Дед по своему обычаю сидел в запечке, курил трубку и ждал, когда часы пробьют восемь, чтобы завести их и отправиться спать. Он так обрадовался своему единственному сыну, что отложил трубку, встал и обнял его.
– Вот и ладно, что ты пришел… – сказал он бодро, точно исполнилось его сокровенное желание.
– Всего на три недели, – сообщил отец.
– Всего на три недели?.. – повторил за ним дед и задумался. Потом уселся на прежнее место, взял трубку и машинально повторил: – Всего на три недели… Ну, ладно… Хорошо, что ты пришел, теперь я уйду…
– Отец, что это вы говорите! – корила его мама.
– Знаю, что говорю! – повысил голос дед и торжественно добавил: – Мой час близок.
Я похолодел, поняв смысл его слов и тотчас уверовав в них, как верил всему, что говорил дед.
– У вас болит что-нибудь? – с тревогой в голосе спросил отец.
– Ничего, – покачал головой дед. – У меня никогда ничего не болело! – сказал он, не скрывая гордости. Потом дважды пыхнул трубкой и спокойно пояснил: – Усыхаю я…
Я вгляделся в него. Керосиновая лампа, которую мама все еще держала в руке и теперь, бог знает почему, подняла повыше, освещала его лицо сбоку. Я увидел, что он изменился, в самом деле усох. Рука, державшая трубку, была коричневатой, как высушенное дерево, лицо костистое, жесткое, почти неподвижное, только на виске билась голубая жилка.

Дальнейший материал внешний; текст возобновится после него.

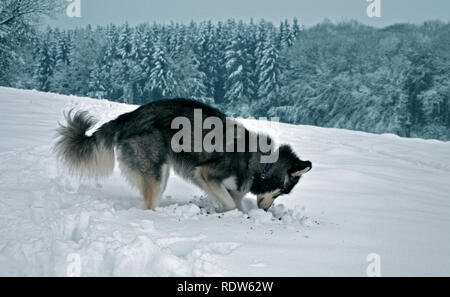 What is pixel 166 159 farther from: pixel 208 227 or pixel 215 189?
pixel 208 227

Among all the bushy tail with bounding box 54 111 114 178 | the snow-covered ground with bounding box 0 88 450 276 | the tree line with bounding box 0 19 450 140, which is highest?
the tree line with bounding box 0 19 450 140

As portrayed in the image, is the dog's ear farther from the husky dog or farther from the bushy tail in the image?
the bushy tail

Мы вернулись на кухню. Темное облако закрыло солнце, еще высоко стоявшее.
Дед каждое утро, и летом, и зимой, вставал в три часа. Однажды, когда уже оставалось несколько дней до конца отцовского отпуска, утреннюю тишину не нарушила дедовская молитва. В шесть мама заглянула к нему, тут же вернулась и сказала отцу, что дед лежит и говорит, что «уходит». Отец вскочил с постели. Я выбрался из-под одеяла, зашлепал вслед за ним и, остановившись на пороге, услышал, как отец говорит деду:
– Я пошлю за доктором.
Я уже приподнялся на цыпочки, готовый по первому отцовскому знаку мчаться в «Пекни дом» за сердитым венгром. Но дед покачал головой и слабым, но решительным голосом сказал:
– Врач меня сроду не видывал и теперь не увидит… За священником пошли!..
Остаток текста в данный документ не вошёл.